IoTの仕組みによってネット上に送り出される膨大なデータはビッグデータとなり、そのビッグデータをAIで解析することで、そこから課題の原因を解明したり、さまざまな発見や洞察、知識を得ることができようになる。これがIoTが創造する未来の姿だ。
「多くのセンサーやデバイスで収集したビッグデータをAIで解析し、その結果をアプリケーションや業務サービスに送り返して、再び現実世界を動かしていくようになる」(斎藤氏)。
今、まさにわれわれは、こうした社会基盤の上で仕事をし、生活していることになる。この一連の仕組みが「サイバーフィジカルシステム」だ。
「現実の世界をセンサーで捉え、デジタルデータとしてネットに送り出す――という、この一連の仕組みのことをIoTと定義するという考え方がある。一方で、いくらデータを集めても、それを利用する仕組みまで含めなければ、本質的な価値を生み出すことはない。そこで、AIによるビッグデータの解析までを含めたサイバーフィジカルシステムそのもののことを『広義の』IoTと呼ぶという考え方もある」(斎藤氏)
IoTがもたらす2つのパラダイムシフトとは
サイバーフィジカルシステムによって現実世界のさまざまな出来事がセンシングされ、次々にデジタル化されてネット上に送られると、そこには現実世界とは別のデジタル化された電脳世界が生まれる。それがいわゆる「デジタル・コピー」や「デジタルツイン」とよばれるものだ。

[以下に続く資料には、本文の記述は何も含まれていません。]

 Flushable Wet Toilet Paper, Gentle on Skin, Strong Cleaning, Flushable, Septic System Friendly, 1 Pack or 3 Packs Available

こうした仕組みは、ビジネスにも大きな変化をもたらす。これまでは、さまざまな事業課題の発見や仮説の設定は人間が行っていたが、IoTが進展すると、そこにセンサーが入ってくる。
「センサーが入ることによって、これまでとは比較にならないほど膨大なデータが発生することになる。IoT機器を通じて収集されるデータは種類が豊富な上、ほぼリアルタイムのきめ細いタイミングで集めることができる。こうしたビッグデータをAIで解析し、業務プロセスを改善してアプリケーションに適用していく、いわゆる『データ駆動型』社会にどんどん近づいていく」(斎藤氏)

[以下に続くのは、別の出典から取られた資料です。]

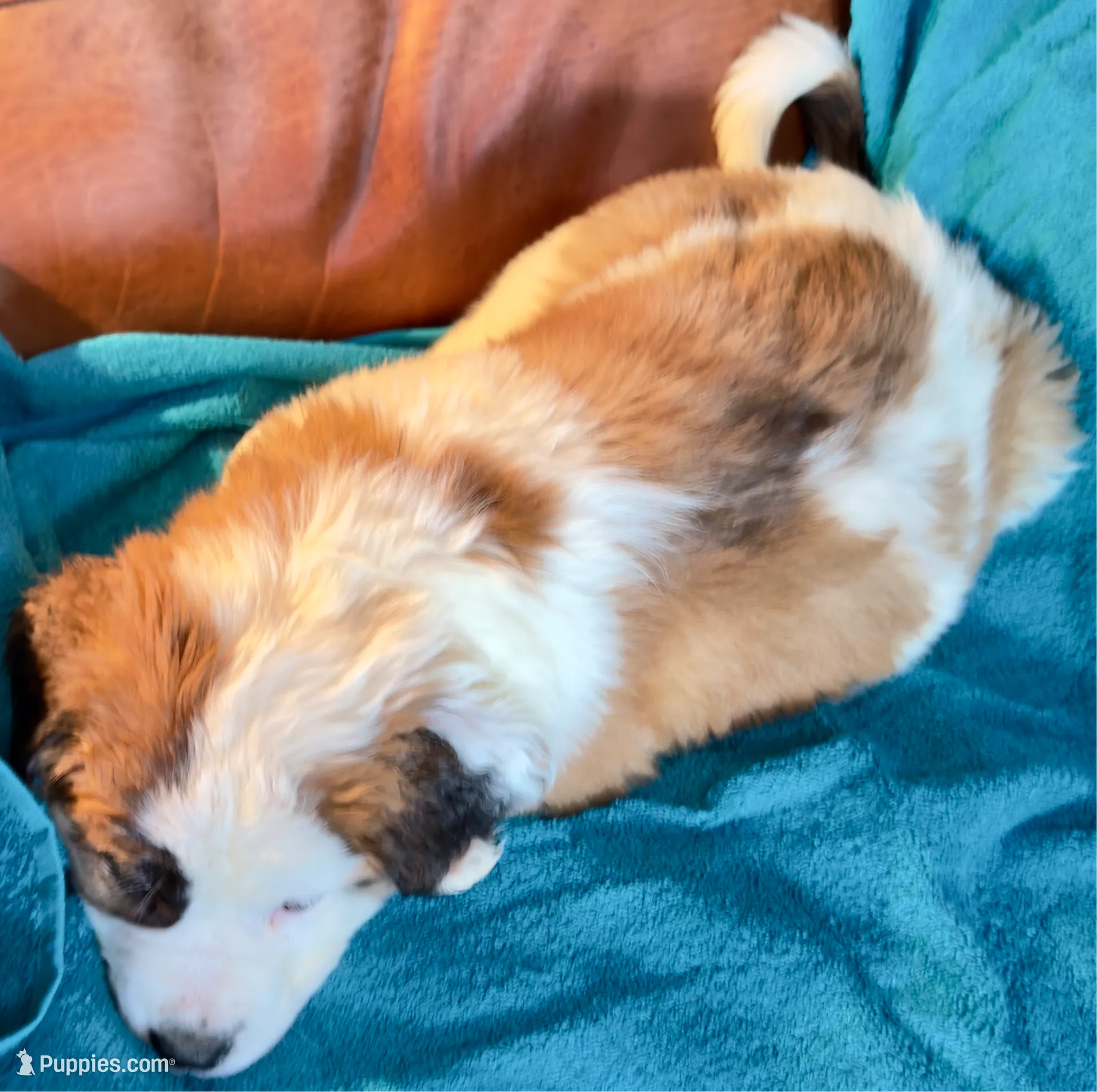 processed/54eba3fd-a66a-4e69-87a1-4cc8e137c97b/listing/8867d7be-bcf8-46e6-9e62-c16b85687f88/10b555df-6846-4a34-b8e3-93ad46a16554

さらに、この仕組みにロボットが埋め込まれると、ロボット自身がデータを取得して自ら学習して判断し、行動するようになる。つまり、“自ら意思決定を行い行動する自律型ロボット”が誕生するわけだ。
「IoTの進展によって、“サイバーフィジカルシステム社会の実現”と“モノのサービス化”というパラダイムシフトが起ころうとしている」(斎藤氏)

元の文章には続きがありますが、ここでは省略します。